The next day, despite my continuing sleep deprivation, I had to be up at rather the crack of dawn for my Great Barrier Reef trip. It was the cheapest trip but that meant it was unbeknownst to me also on the slowest boat, so it took hours to get to and from the reef. During this time I lay and enjoyed the beautiful sunshine (so much for rainy season and predicted flooding!). Boat workers warned me about sunburn, but being a seasoned Australian (our ozone layer hole means being outside in the sunshine is never advisable without sunscreen) I kept myself well lathered up. The reef itself was quite beautiful when I snorkelled, and I regretted accidentally coming in early as I mistook a sign that we had to come in before we did. And I did enjoy the service on the boat: the staff were very friendly, the food good and we even got wine and cheese.
I also noticed two young guys sitting by themselves. These, two other female travellers I chatted with and me were the only people on this trip who were not families. However, I was not in a very energetic nor social mood, so the guys and I did not meet.
Back in Cairns I only had time to quickly get ready to meet Scott, our hero from Gili T and Ubud, for dinner. He happened to be a Cairns local – a fact only coincidental to my booking this North Queensland trip – so he took me to a Greek restaurant where we had merry conversation and delicious food.
The next morning was another early one to jump on one of two mini buses for the well-reviewed ‘Uncle Brian’s Fun, Falls and Forest’ tour of the Atherton Tablelands. This tour was meant to be great fun for young travellers, and it was. Both minibuses were full of young backpackers and we were kept entertained by our indigenous guide as we visited the Josephine Falls (the big rock that you slide down) and various other bodies of water and forests. Unfortunately, it was a bit rainier today and being a reptile I found the water generally too cold to be in, so when others were frolicking in lagoons and waterfalls I was unable to stay in long.

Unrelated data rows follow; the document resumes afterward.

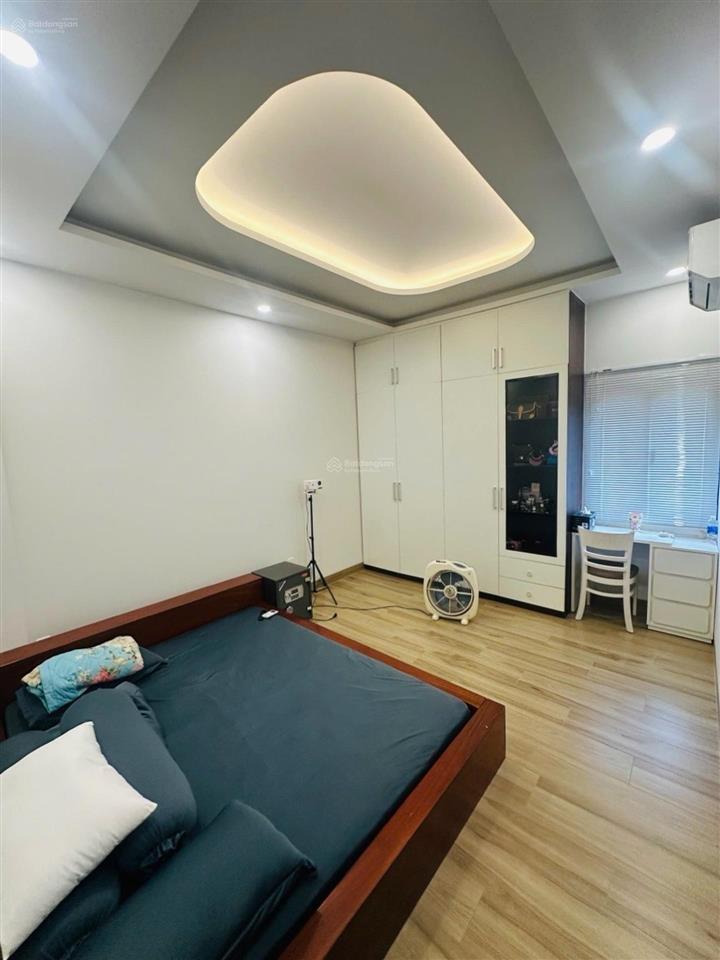 8 tỷ 180  68m2  nhà 2 tầng hẻm xe hơi thông hai chiều  hậu giang q6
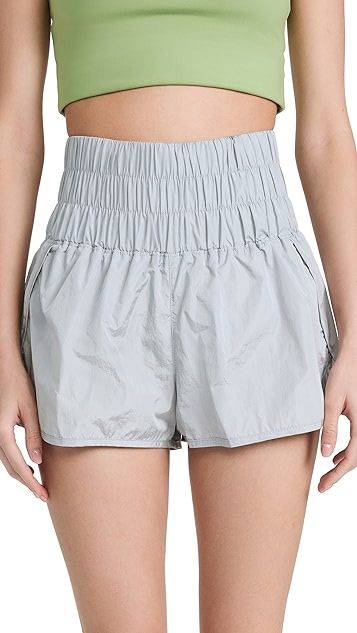 The Way Home Shorts | Shopbop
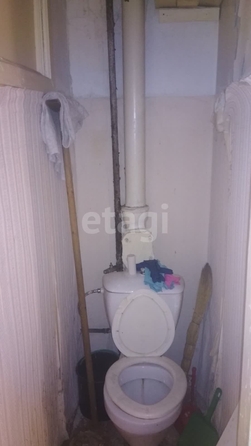 
  Продается 2-комн. квартира 44 м². Фото 12.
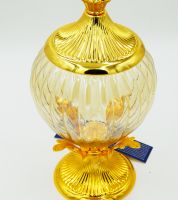 بونبونيرا ذهبي9169230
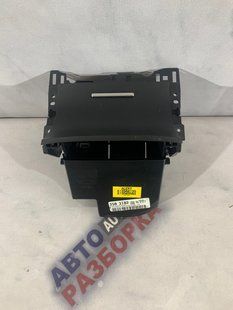 Бардачок / ящик для речей jx7t19j235bd Ford Edge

In the first – and warmest – pool I began chatting with David and Adam, a Canadian and an Englishman. When we started to talk about our Great Barrier Reef trip, we quickly realised that they had been the two young men on the boat to whom I had not spoken. When I mentioned the two night Whitsundays sailing trip I was doing in a few days’ time (as all backpackers do), we learned that we were booked onto the very same boat leaving on the very same day – no easy thing considering the number of boats and their bi-daily departure. Moreover, they would arrive in Airlie Beach the morning after I would.

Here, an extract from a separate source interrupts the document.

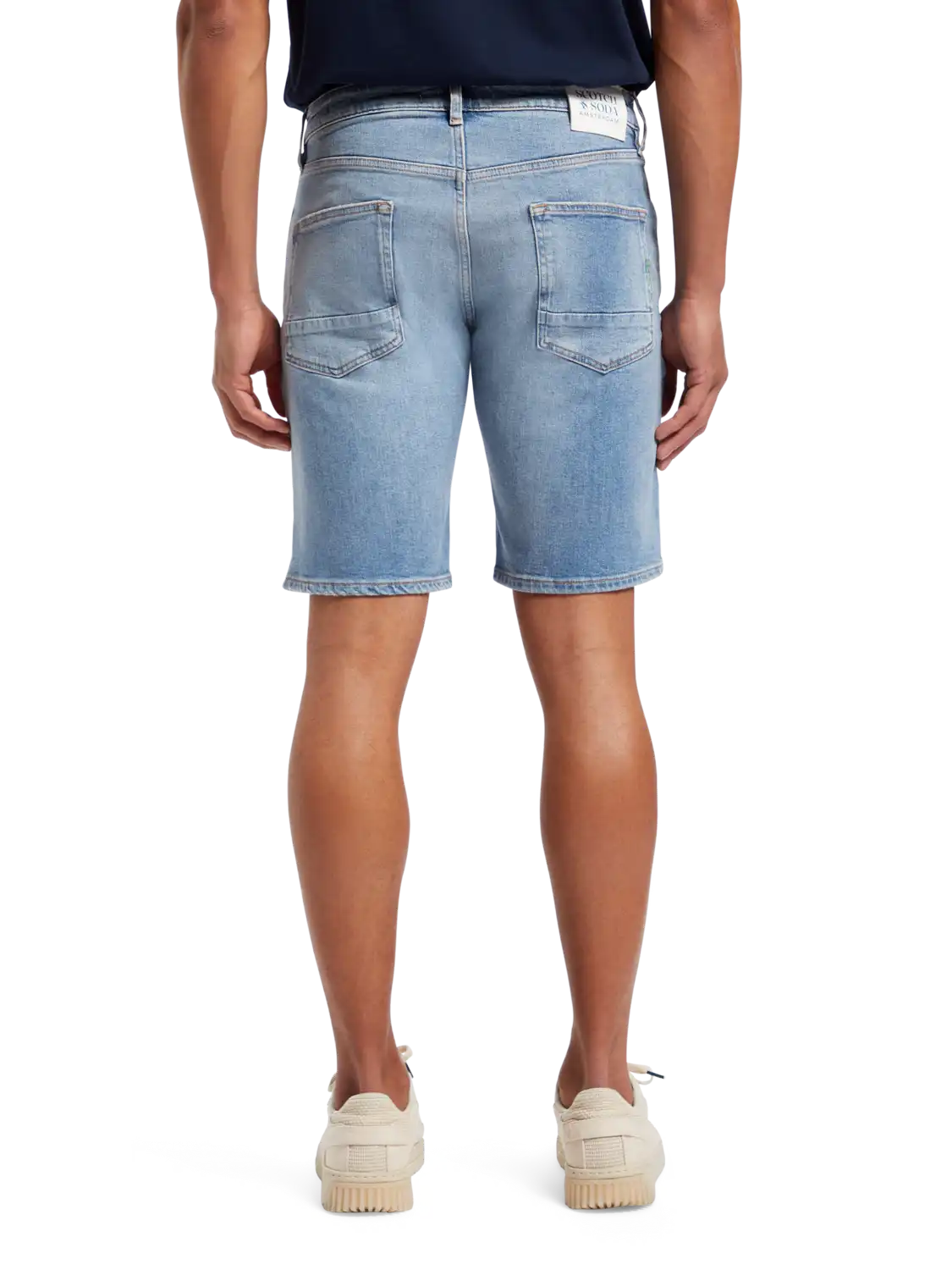 175770-7297-FIT-BCK.png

That night some people from the tour had agreed to meet at Gilligan’s, and I ended up at the Woolshed again with some random people I met there. However, I did note that the venues of Cairns didn’t thrill me terribly – they were very generic and full of the kind of Australians I wouldn’t normally chat up in a bar, shall we say – and I couldn’t help but think that a similar amount of money would have gotten me back to Bali, and to my beloved Gili T.